Scraped caption text data
============

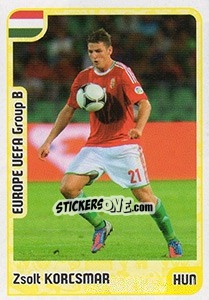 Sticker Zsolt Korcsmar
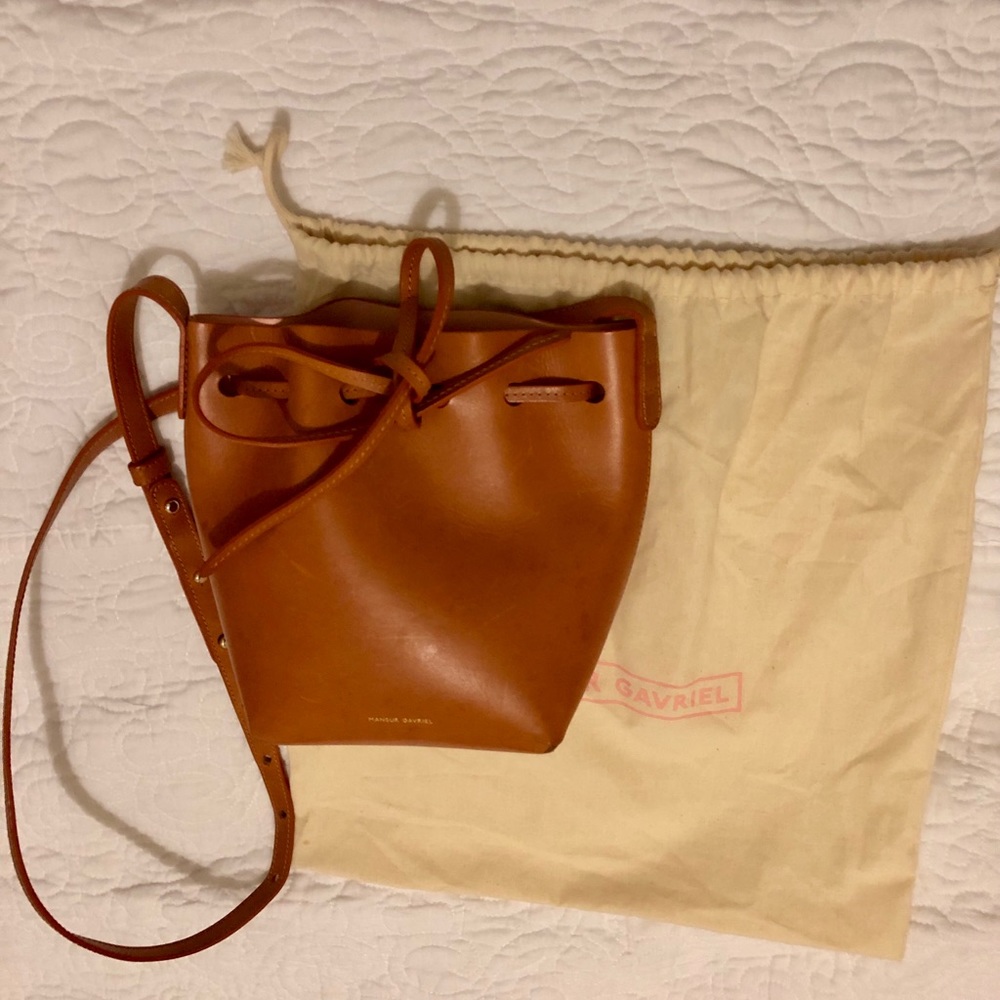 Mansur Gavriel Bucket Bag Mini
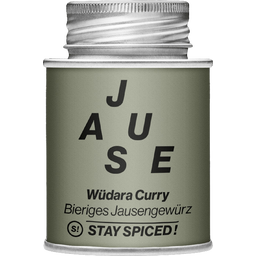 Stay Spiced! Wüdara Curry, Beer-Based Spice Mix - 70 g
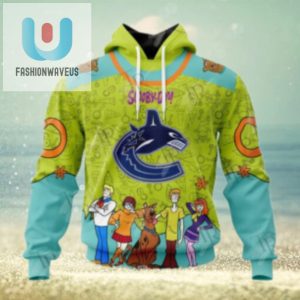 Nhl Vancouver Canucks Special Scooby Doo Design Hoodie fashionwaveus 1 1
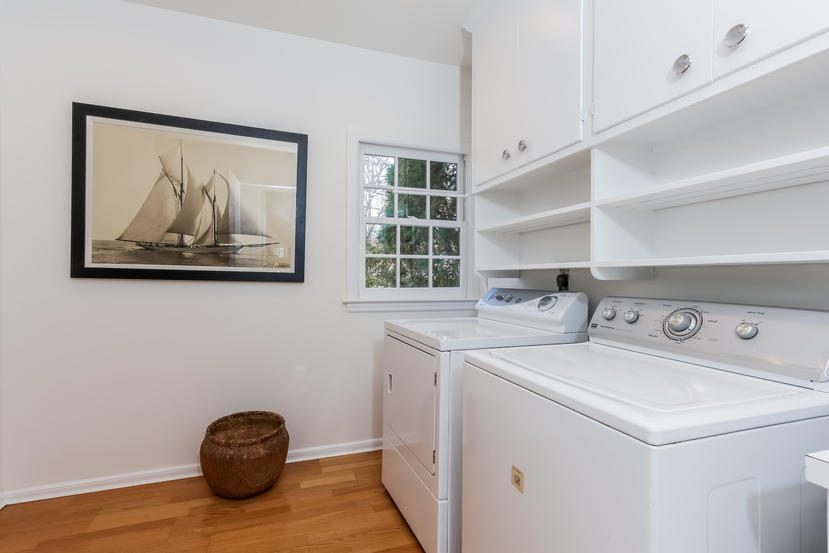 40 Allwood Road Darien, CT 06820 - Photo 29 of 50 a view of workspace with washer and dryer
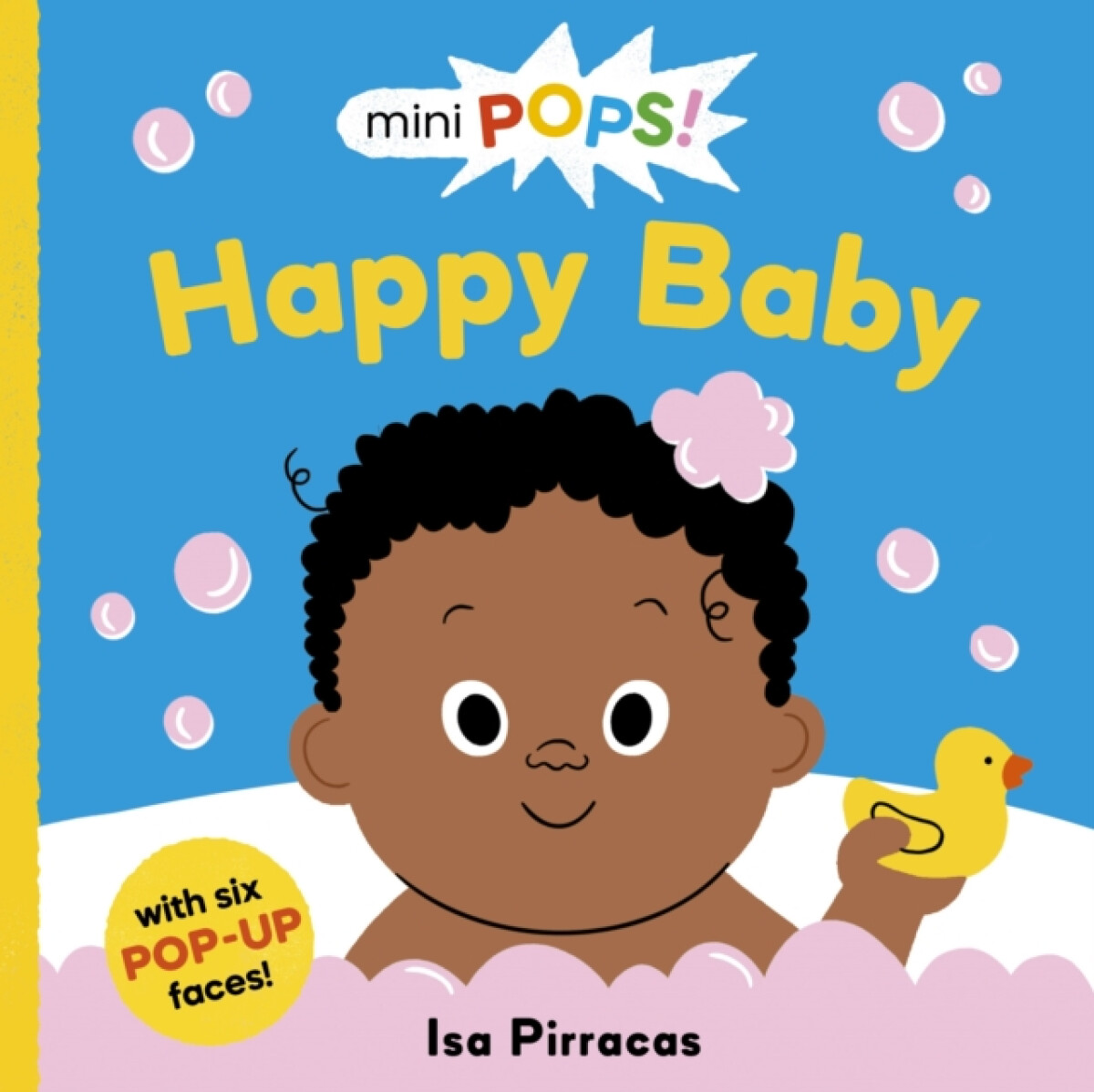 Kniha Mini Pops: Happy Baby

============

Copy the lines from the line that contains "40 Allwood Road" through the end of the records, exactly and with nothing added; leave the pictures out.

• [WRITTEN SOLUTION]:
 40 Allwood Road Darien, CT 06820 - Photo 29 of 50 a view of workspace with washer and dryer
 Kniha Mini Pops: Happy Baby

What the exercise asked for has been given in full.